It will be hard for the Bears as a team to suffer the great Super Bowl hangovers we've seen in the recent past. The competition in both the NFC North and entire conference isn't that daunting, and Chicago comes back with most of its defense intact and some more interesting cogs on offense.
Individually, however, there are two big question marks, in both reality and fantasy. The most obvious one is at quarterback, where Rex Grossman had a tale of two seasons in 2006. He started out smokin' like a breakout passer, only to struggle down the stretch and eventually melt down against the Colts. Now the good Grossman needs to stand up and take charge, or Lovie Smith will consider someone other than "Rex as our quarterback."
Then there's the huge void in the running game left by Thomas Jones, who was traded to the Jets. Jones was arguably the team's postseason MVP, and he was certainly one of the team's locker-room leaders. The pressure is on Cedric Benson to stay healthy and produce as a feature back, and many are skeptical based on what Benson has done before in the NFL.
The Bears figure to be a "real" good team in terms of wins and losses again, but their "safest" fantasy options still remain on defense and special teams.
Projected draft round Player Round Rex Grossman, QB 15-16 Cedric Benson, RB 3-4 Bernard Berrian, WR 8 Muhsin Muhammad, WR 13-14 Greg Olsen, TE 16-17 Desmond Clark, TE DND Robbie Gould, K 16-17 Defense/special teams 9-10 Draft position based on a standard 12-team combined scoring and yardage league with a 17-round draft. DND: Do not draft.
Key additions: DT Anthony Adams, SS Adam Archuleta. Key losses: DT Alfonso Boone, WR Justin Gage, DT Tank Johnson, S Todd Johnson, RB Thomas Jones, DT Ian Scott, S Cameron Worrell.
Defense/special teams. There's a big debate over which is fantasy's top defense. The Ravens, Patriots and even the Chargers have been mentioned in the same breath as the Bears. But when you throw in special teams, it breaks the tie in favor of Chicago.
The Bears are actually modest when it comes to sacks (40), but they picked off 24 passes and got six touchdowns from rookie Devin Hester in the return game.

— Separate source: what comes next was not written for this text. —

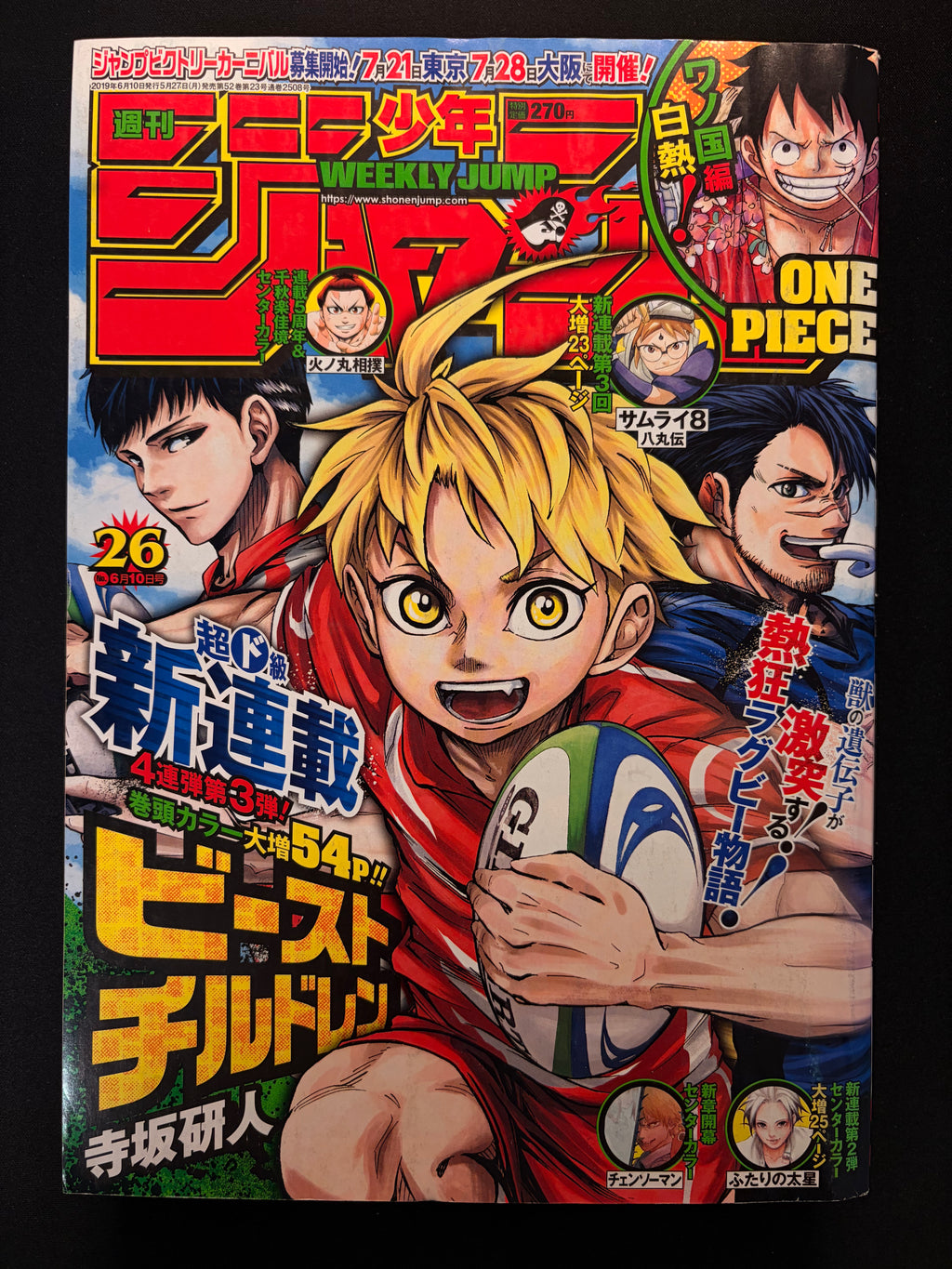 Weekly Shonen Jump #26 2019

Really, it comes down to having plenty of athletes on the field in both phases as both the speed and depth of Lovie Smith's Tampa 2 pays off. In any scoring format, the Bears are at least the No. 3 fantasy defense, but in those leagues that heavily reward big special teams plays, they are the clear No. 1.
Brian Urlacher, LB. If you're new to the world of IDP and have no idea who to take, grab the guy you know is absolutely awesome. Urlacher can produce in so many ways. Two years ago, he had no INTS but posted a career-high six sacks. Last season, he had no sacks but upped his tackles total to 141 and had a career-high tying three picks. He's the heart and soul of the Bears' defense, and he can be your IDP MVP, too.
Robbie Gould, K. As the Bears were able to score a surprising amount of points in 2006, Gould was the biggest beneficiary. He was excellent in banging home 32-of-36 field-goal attempts and all 49 PATs. Although breakout kickers rarely repeat as league-leading scorers (Neil Rackers, anyone?) the opportunities still will be there for Gould to put up at least 130-plus points. The only knock: He's not a threat from 50 yards and beyond.
Cedric Benson, RB. I just drafted Benson in Sporting News' in-house Fantasy Source experts league, and I have mixed feelings about it. I had to get him in the third round as my No. 2 back because the well was drying up quickly for non-committee feature types. The job opportunity is a great one: Chicago is a strong team overall that will have leads often in the second half and lean heavily on the run to put away games, but is Benson the right man for the job? I'm not sure, but I'm hopeful that not looking at Jones over his shoulder will help.
There have been injury issues with Benson, including the knee woes that popped up in the Super Bowl, and then there was the controversy of him not being liked by teammates. But you figure some players need more time to mature than others -- after all, Jones himself was deemed as a first-round bust with early sputtering in Arizona.
Ideally, you want to be in a luxury position where Benson is your No. 3, but good luck with that in your back-crazy draft. I hedged my bets with Benson a bit by taking promising Falcon Jerious Norwood as my No. 3, and then a bit later by taking Bears backup Adrian Peterson. If Benson is up to the task, he can have a monster season for the Monsters of the Midway, but that "if" is sizeable enough to be boom or bust.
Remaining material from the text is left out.